*** TASK DATA ***
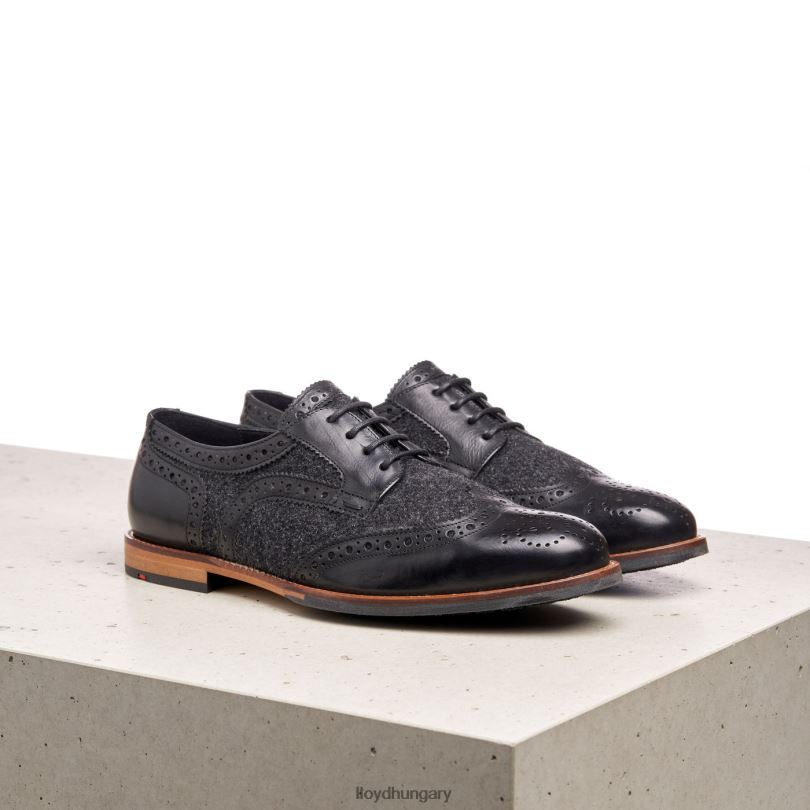 cipő HU LLOYD nők csipke sima bőr félcipő fekete 6444N1076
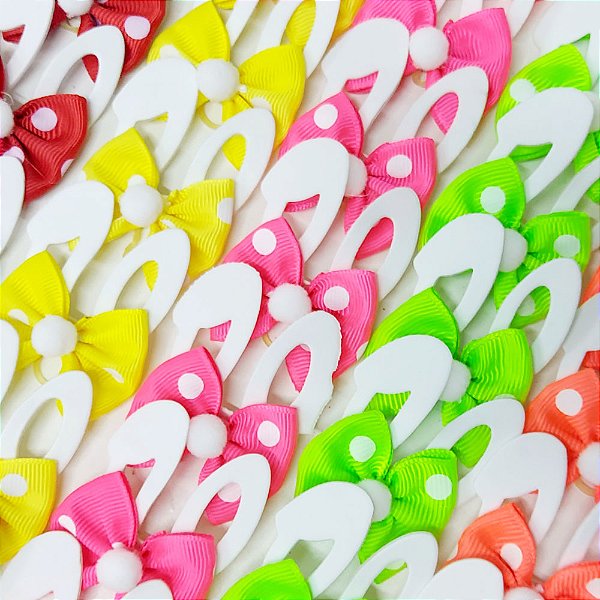 Laço Borboleta Estampado Poá Orelha EVA Páscoa Mod.2 - 10 unidades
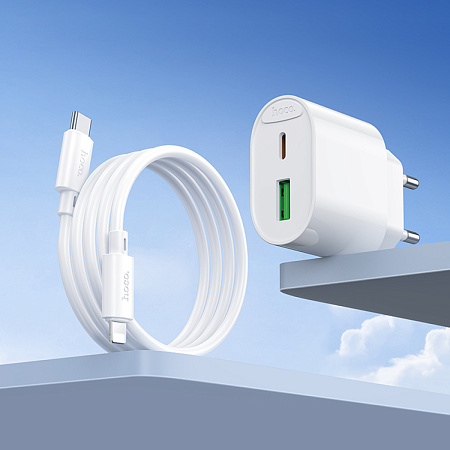 Сетевое зарядное устройство, 1 PD 20W + 1 USB 3.0 QC (C109A), HOCO, Type-C to Lightning, белый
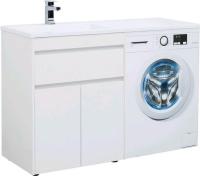Тумба с раковиной Aquanet Токио 130 L белая напольная, 1 ящик, 2 дверцы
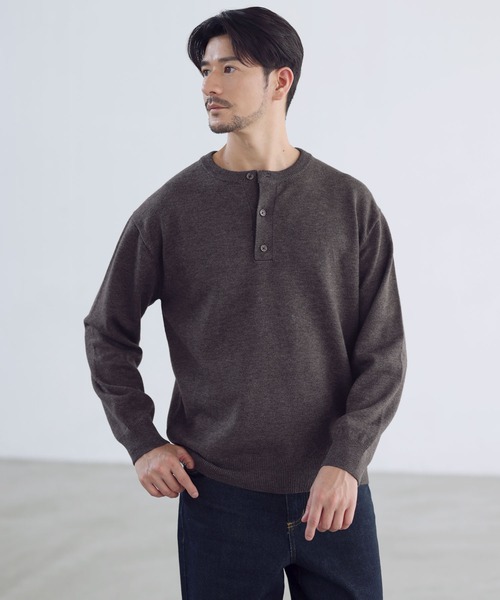 SPU(スプ)の「【ウォッシャブル・抗ピリング】大人のスウェットライクヘンリーネックニット(ニット/セーター・メンズ・ブラック/グレー/ネイビー/ブラウン・XL/L/M/S)」の21枚目の写真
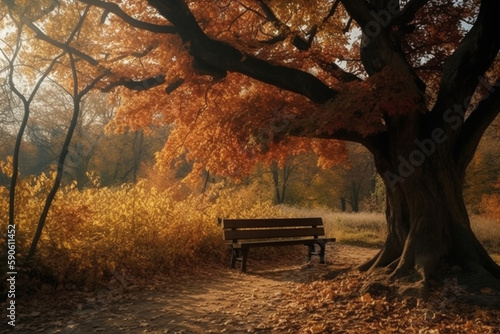 bench under tree with red yellow leaves in autumn cinematic Generative AI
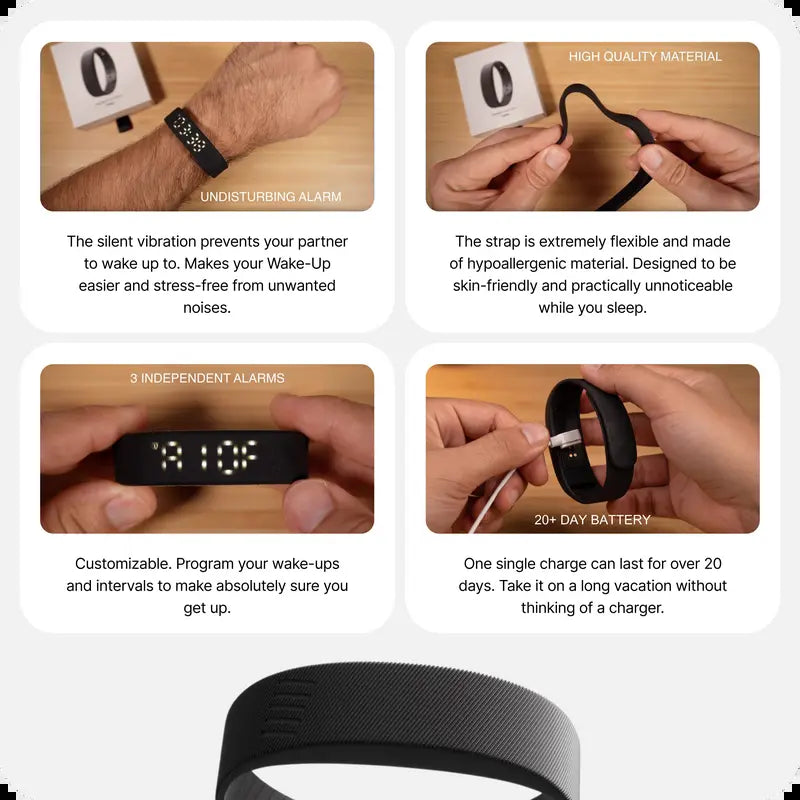 Onyx Silent Vibration Wrist-Worn Device - Alarm for Waking Up, Partner-Disturbance-Free for Heavy Sleepers, 2 Intensity Levels, up to 3 Alarms, 14+ Day Rechargeable Battery, Cool Gadgets for Adults, Gifts for Him, Gifts for Adults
***
**ACTIVITY:** The lines needed run from the first line of the records through the line containing "bench under tree", both included. Restate them word for word, without pictures.

**SOLUTION TO THIS EXERCISE:**
 cipő HU LLOYD nők csipke sima bőr félcipő fekete 6444N1076
 Laço Borboleta Estampado Poá Orelha EVA Páscoa Mod.2 - 10 unidades
 Сетевое зарядное устройство, 1 PD 20W + 1 USB 3.0 QC (C109A), HOCO, Type-C to Lightning, белый
Тумба с раковиной Aquanet Токио 130 L белая напольная, 1 ящик, 2 дверцы
 SPU(スプ)の「【ウォッシャブル・抗ピリング】大人のスウェットライクヘンリーネックニット(ニット/セーター・メンズ・ブラック/グレー/ネイビー/ブラウン・XL/L/M/S)」の21枚目の写真
 bench under tree with red yellow leaves in autumn cinematic Generative AI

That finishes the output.